I know you don’t have time (toolkit idea)

Thesis: Your available work time is completely taken up doing things the way you do them now. You have no time to try something new. All these ideas are worthless if you never have time to act on them.

I can’t give you more time. I may, however, just in time for New Year resolutions, be able to give you a recipe with which you can make yourself more time. It is a recipe that has worked well for me throughout my career and has helped some of the arts leaders I work with directly. It is applicable to any field of endeavor, so if you are a day-job holding artist, you could apply this to your day job as well, perhaps thereby generating some more art life time.

First, the conceptual framework. If you spend all your available work time accomplishing tasks within an established process, you are effectively running on a treadmill. You probably also feel as though you are on a treadmill, which can sap your enthusiasm and will to improve. However, if you force yourself to steal some of your available work time to focus on improving the efficiency and effectiveness of what you do the rest of the time, you will generate more time to work on further improvement. Initially, it’s probably just the time you stole to work on those first improvements, but as you make progress, you can generate more and more improvement that will give you back more and more time. Think of it as a compound interest model applied to work efficiency.

The recipe

1. Start dedicating 5 minutes a day to improvement. Pick a consistent time within your work cycle to do it. For some people, first thing is best. Others thrive on just before quitting time. Choose a place in the cycle that works for you. Don’t have 5 minutes a day? You had time to read this. Tomorrow, don’t read this. Instead, start on the recipe.
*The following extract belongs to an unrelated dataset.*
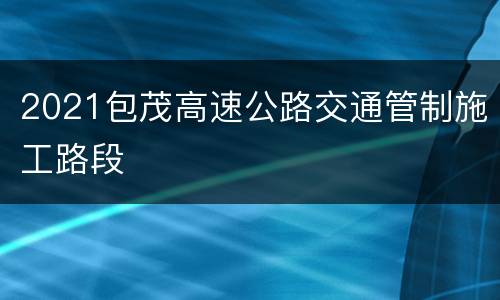 2021包茂高速公路交通管制施工路段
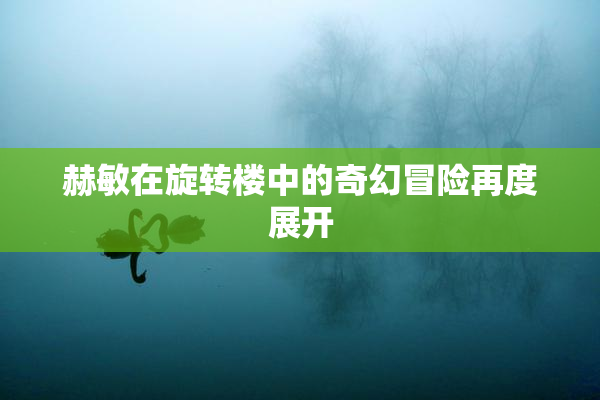 赫敏在旋转楼中的奇幻冒险再度展开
2. The first thing you’ll need to do with this time is identify what you want to improve. Here’s an exercise you can do 5 minutes at a time, day by day to choose a good target.

a. Write a clear but descriptive text explaining to yourself all the steps you routinely go through in doing your work, from identifying a piece of work to do, gathering information and resources to accomplish it, coordinating with other people who participate, accomplishing the piece of work, and evaluating it afterwards. Be honest. No one should ever see this but yourself.

b. Read your document sentence by sentence from the end to the beginning. Going back to front gives you a different perspective on what you’ve written and helps you take fewer things for granted. Give each sentence a 1-5 score. Lower values mean you are dissatisfied with the efficiency or effectiveness of that part of your process. Higher values mean you are satisfied with that part of your process.

c. Identify those sentences you gave the lowest numbers to. Put those sentences together on a page. Ask yourself whether they are all isolated negative facts about your process or whether any of them belong together. You may find there are several process steps where a single underlying cause is making all of them unsatisfying. Group any that go together.

d. Go through just this page and score each sentence or group of sentences again for severity. Stay with low numbers bad, high numbers not quite so bad.

e. Highlight 1-3 sentences or groups that you’ve rated most negatively. These are your candidate improvement targets, but there’s one more filter you have to run them through.

f. Consider each of your candidate improvement targets. Is there anything that would improve one or more of these targets that depends on nothing but you changing something about how you work? If so, what would you have to change? Why aren’t you already doing it that better way? What resistance do you have to overcome? How can you remind yourself to try the better way for the next few days and see whether it really improves? If an improvement area needs the outside world to change rather than your own behavior to change, set it aside for a later cycle.

g. Pick 1 or 2 of your improvement ideas, and try it for a week. Post the ideas and any reminders you cooked up someplace where you can see them while you’re working. This is going to sound daffy, but if you change something else trivial that’s really easy to change, it can help support you. Used to wear earrings and have gotten out of the habit? Wear earrings again for the first few days of trying to make the change to remind yourself that you are living a little bit differently.

Remember that you will do all this not inconsiderable work in 5 minute chunks stolen from work days. If you do it thoroughly, it will probably take a month of 5 minute pieces to get through the first time. It’s also OK if you’d rather hold a sort of personal retreat and go through the exercise all at once, but I’m not betting you have that kind of time available.

3. Work on each improvement cycle for long enough to establish whether that improvement is working for you and incorporated as a work habit or if it was a failed attempt.

4. If you decide it was a failed attempt but haven’t given up on the process, go back to your unsatisfying factors list from step c and pick a different candidate improvement area.

5. If you decide it succeeded, think about how much time it gave you back. Can you start putting 10 minutes a day into working on improvement? Go through the whole exercise again on the 10 minute a day plan.

6. Repeat until you feel highly effective.

Really what will happen is that the habit of looking for improvement opportunities and acting on them will become a habit with you in itself. You won’t need the mechanics of this little recipe or any other to continue making progress. However, if you’ve been feeling blocked on improvement up to now, this recipe will probably be useful.

Need to be convinced that this works? Just think how much available time I must have generated for myself to be able to write all these ridiculous posts.

OK, and if this does work for you, go back to my other stuff and pump a little bit of your gained time into trying (or better still improving on) any of my ideas. I really want piles more people to see many more plays. I can’t do that on my own.